Kelly Whitaker’s obsession with producing the perfect pizza crust has been on dazzling display at Basta for years now. That it would beget a quest for the perfect flour is only natural. Enter the Noble Grain Alliance, an organization he co-launched in 2016 as a means to “restore local heritage wheat, corn, and seed by promoting [their] farming, milling, and distribution” (to quote the mission statement); he’s already conducting trials of 11 such crops on Basta’s doorstep. Now, he’s teamed up with Fortuna Chocolate’s Sienna Trapp-Bowie and Aldo Ramirez Carrasco to embark on the next step of his journey: Come July or August, Dry Storage, a café and event space with a focus on (of course) grains and chocolate, will open as Basta’s neighbor in the Peleton West in Boulder.

When the condo complex’s developer offered the long-empty space to Whitaker for use, his initial thought was to convert it into a much-needed prep kitchen: “Last year, we switched to all-natural dough fermentation and started milling our own grains,” he explains, which “stretches the kitchen thin.” By night, he figured, he could use it to host private parties, which are “one of the things we have to turn away all the time” for lack of room.

Dry Storage will indeed serve in both those capacities, but it will also be much more. For starters, says Whitaker, “we’re borrowing a little from Corrected Coffee, the pop-up we did at Basta” back in 2014, to operate from about 8 a.m. to 2 p.m. as a coffee shop—serving not only roasts and teas from L.A.’s Lamill and Sungarden Tea but also baked goods, tartines, and other snacks as well as booze (there’s a full liquor license).
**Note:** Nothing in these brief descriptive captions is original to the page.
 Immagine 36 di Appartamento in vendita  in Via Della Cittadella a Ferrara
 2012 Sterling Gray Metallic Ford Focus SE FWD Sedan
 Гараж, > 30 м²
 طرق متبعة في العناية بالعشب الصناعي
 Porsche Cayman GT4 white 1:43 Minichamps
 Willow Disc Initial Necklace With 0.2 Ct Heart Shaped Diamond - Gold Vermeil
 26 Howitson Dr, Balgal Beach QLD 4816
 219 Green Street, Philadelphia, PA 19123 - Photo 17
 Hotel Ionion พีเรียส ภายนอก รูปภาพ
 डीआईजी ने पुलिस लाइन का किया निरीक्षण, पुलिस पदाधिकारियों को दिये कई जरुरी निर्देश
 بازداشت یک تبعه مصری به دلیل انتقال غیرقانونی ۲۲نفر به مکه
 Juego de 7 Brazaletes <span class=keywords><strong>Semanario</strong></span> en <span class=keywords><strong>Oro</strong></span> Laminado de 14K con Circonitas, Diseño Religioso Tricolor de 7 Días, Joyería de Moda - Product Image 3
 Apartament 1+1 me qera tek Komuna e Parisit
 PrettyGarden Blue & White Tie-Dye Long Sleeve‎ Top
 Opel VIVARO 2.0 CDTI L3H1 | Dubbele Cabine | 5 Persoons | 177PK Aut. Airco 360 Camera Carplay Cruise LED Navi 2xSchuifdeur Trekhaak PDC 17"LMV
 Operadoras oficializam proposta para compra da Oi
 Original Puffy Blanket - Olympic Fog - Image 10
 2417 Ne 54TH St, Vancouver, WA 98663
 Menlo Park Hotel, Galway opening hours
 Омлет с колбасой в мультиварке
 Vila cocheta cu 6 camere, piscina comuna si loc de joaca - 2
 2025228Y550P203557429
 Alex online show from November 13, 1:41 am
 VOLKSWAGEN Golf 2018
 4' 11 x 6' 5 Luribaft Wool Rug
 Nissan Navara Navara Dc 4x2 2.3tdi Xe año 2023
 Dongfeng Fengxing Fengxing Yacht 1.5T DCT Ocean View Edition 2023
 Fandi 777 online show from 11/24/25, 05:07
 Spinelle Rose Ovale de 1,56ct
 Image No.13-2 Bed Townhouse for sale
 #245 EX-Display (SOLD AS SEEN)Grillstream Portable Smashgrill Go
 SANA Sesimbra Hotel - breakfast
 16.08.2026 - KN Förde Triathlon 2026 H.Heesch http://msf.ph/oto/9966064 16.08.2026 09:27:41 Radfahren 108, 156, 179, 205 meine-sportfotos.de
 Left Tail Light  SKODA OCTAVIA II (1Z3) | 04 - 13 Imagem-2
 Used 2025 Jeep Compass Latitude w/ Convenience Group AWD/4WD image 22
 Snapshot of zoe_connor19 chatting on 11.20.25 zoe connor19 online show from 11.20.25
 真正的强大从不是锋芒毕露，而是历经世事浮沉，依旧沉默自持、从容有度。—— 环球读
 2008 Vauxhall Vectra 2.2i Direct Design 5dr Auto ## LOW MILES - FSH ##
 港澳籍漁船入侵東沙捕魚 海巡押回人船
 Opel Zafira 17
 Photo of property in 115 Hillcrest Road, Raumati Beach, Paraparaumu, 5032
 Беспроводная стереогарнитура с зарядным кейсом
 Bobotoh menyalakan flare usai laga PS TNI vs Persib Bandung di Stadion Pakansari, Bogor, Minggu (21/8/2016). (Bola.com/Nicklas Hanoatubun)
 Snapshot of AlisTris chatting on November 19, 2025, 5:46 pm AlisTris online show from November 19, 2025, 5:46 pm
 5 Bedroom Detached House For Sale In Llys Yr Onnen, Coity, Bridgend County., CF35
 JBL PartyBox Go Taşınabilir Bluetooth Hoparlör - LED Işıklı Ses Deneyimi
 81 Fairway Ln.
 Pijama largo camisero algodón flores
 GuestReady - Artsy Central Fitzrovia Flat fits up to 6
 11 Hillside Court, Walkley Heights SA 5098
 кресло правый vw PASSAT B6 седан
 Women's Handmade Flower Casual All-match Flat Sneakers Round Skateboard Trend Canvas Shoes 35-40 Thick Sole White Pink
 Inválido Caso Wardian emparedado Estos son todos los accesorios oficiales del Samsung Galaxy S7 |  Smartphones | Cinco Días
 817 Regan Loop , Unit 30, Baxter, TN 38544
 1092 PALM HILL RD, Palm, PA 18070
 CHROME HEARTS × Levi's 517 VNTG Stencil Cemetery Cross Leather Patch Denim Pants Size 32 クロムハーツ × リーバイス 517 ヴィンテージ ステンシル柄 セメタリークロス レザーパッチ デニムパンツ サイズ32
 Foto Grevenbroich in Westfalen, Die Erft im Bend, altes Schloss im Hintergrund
In addition, it will function as a bulk-grain bar, where “we’ll mill to-order quinoa flour or farro flour; if someone comes in and wants to buy fresh-ground polenta, I have the bandwidth to do that.” The goal is to “start transitioning people’s thinking” toward purchasing these products “just like they do fresh-ground coffee.”

Alongside it, Fortuna will run—you guessed it—a chocolate “cocktail” bar. “My husband, Aldo, has a long history of working in bars in both Mexico City and Tokyo,” Trapp-Bowie says. “So he’s been experimenting” with an array of fun tweaks on the concept of drinking chocolate, from two different types of whipped cream to add-ins that allow patrons “to customize the blend—like dark chocolate with orange zest or chili.” The couple will also offer plated desserts and an expanded line of confections while selling chocolate by the pound as “our counterpart to Kelly’s freshly milled grains,” she says—“raw ingredients you can take home and cook with.” (If you want to hear some inspiring stories, ask about the cacao farmers they work with in Mexico, Guatemala, and Venezuela.)

Finally, Dry Storage will be open in the evenings for all sorts of affairs: Think fried-chicken and ramen pop-ups, tastings and truffle-making workshops, and more. “I designed the space to be incredibly flexible,” Whitaker says. “It will not look like your typical coffee shop.” Of course, we’ve come to expect the unexpected from him—and once the crowdsourcing and construction phases are over and the doors are open, we’ll surely get it.